* WHAT TO WORK ON
Could you write the entries out again, exactly as they are?

BEGIN

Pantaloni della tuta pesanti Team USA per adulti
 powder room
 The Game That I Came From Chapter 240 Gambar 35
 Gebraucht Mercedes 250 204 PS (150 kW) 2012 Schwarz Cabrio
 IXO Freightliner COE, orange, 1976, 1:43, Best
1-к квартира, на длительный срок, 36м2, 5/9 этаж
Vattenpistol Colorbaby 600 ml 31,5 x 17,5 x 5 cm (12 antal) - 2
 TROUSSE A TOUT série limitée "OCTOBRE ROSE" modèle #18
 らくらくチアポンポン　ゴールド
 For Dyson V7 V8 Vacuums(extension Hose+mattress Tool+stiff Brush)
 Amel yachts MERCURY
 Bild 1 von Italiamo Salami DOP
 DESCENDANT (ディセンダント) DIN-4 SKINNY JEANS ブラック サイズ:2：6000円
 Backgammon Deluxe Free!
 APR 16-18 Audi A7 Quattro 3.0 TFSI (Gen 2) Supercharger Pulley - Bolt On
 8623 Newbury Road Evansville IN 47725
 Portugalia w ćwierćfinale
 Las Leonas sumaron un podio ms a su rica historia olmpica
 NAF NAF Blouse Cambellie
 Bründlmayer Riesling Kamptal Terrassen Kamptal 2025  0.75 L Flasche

END

* OUTPUT
Pantaloni della tuta pesanti Team USA per adulti
 powder room
 The Game That I Came From Chapter 240 Gambar 35
 Gebraucht Mercedes 250 204 PS (150 kW) 2012 Schwarz Cabrio
 IXO Freightliner COE, orange, 1976, 1:43, Best
1-к квартира, на длительный срок, 36м2, 5/9 этаж
Vattenpistol Colorbaby 600 ml 31,5 x 17,5 x 5 cm (12 antal) - 2
 TROUSSE A TOUT série limitée "OCTOBRE ROSE" modèle #18
 らくらくチアポンポン　ゴールド
 For Dyson V7 V8 Vacuums(extension Hose+mattress Tool+stiff Brush)
 Amel yachts MERCURY
 Bild 1 von Italiamo Salami DOP
 DESCENDANT (ディセンダント) DIN-4 SKINNY JEANS ブラック サイズ:2：6000円
 Backgammon Deluxe Free!
 APR 16-18 Audi A7 Quattro 3.0 TFSI (Gen 2) Supercharger Pulley - Bolt On
 8623 Newbury Road Evansville IN 47725
 Portugalia w ćwierćfinale
 Las Leonas sumaron un podio ms a su rica historia olmpica
 NAF NAF Blouse Cambellie
 Bründlmayer Riesling Kamptal Terrassen Kamptal 2025  0.75 L Flasche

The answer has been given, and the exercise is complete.